C'est surtout que je ne veux pas l'utiliser en wifi... tout passe déjà par ça, je pense qu'il y a assez d'ondes comme ça, lol 
Et là aujourd'hui j'ai eu le message (voir ma capture) donc je vois bien que c'est possible sans wifi mais juste en USB ! iPad connecté pourtant... mais rien n'y fait...





Que puis-je faire pour le connecter en filaire ? Merci


----------



## JLB21 (27 Mai 2020)

Bonjour,

Je n'avais jamais essayé par USB, mais chez moi ça marche, la connexion est immédiate.




Ici sur l'iPad le visualiseur principal de FCP X.

En fait, il n'y a rien eu à bidouiller, j'ai coupé le Wifi, connecté l'iPad, puis sur l'iMac->Préférences système/Sidecar, une fenêtre s'affiche comme suit,




 je choisis l'iPad et ça roule…


----------



## David07 (25 Août 2020)

Hello, 

Merci pour la réponse ! Encore aujourd'hui, la connexion ne se fait pas. 

Voici ce que j'ai : 






Alors que l'iPad est connecté en WIFi et le Mac aussi, au même réseaux internet 
L'iPad est bien branché au Mac en USB-C
Même identifiant Apple sur les deux 
J'ai bien fait "confiance à votre Mac sur votre iPad." 

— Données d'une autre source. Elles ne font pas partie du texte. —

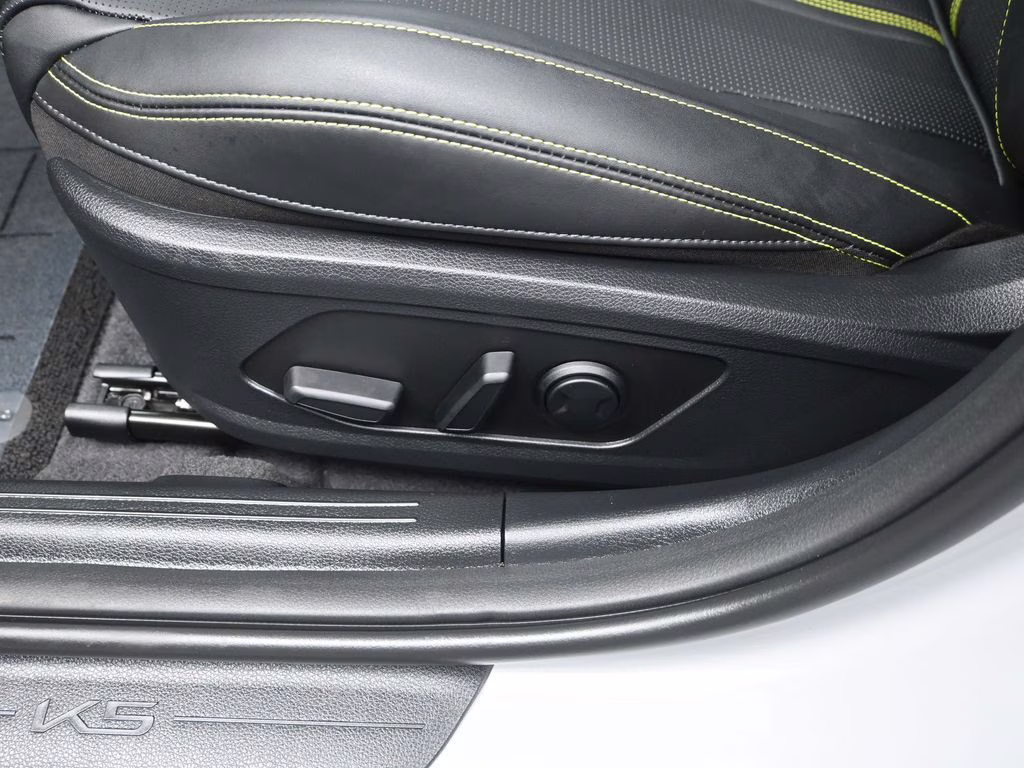 2026 Wolf Gray Kia K5 GT FWD Sedan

En redémarrant le Mac et l'iPad, ça a marché, à ne rien y comprends car ce problème reviens régulièrement, mais à chaque redémarrage des deux ça fonctionne à nouveau.

Ce que je ne comprends pas, c'est que plusieurs articles internet disent bien que c'est possible juste en filaire sans passer par la WIFI, mais à chaque fois que j'essaye rien ne marche... c'est très capricieux pour tant de simplicité lol

Est-ce que vous auriez une solution à tout hasard ? 

Je vous en remercie 

D.


----------



## JLB21 (25 Août 2020)

Essaie de mettre à la corbeille les préférences sidecar comme ci-dessous :






Je viens de ré-essayer en connexion USB et ça marche à chaque fois…


----------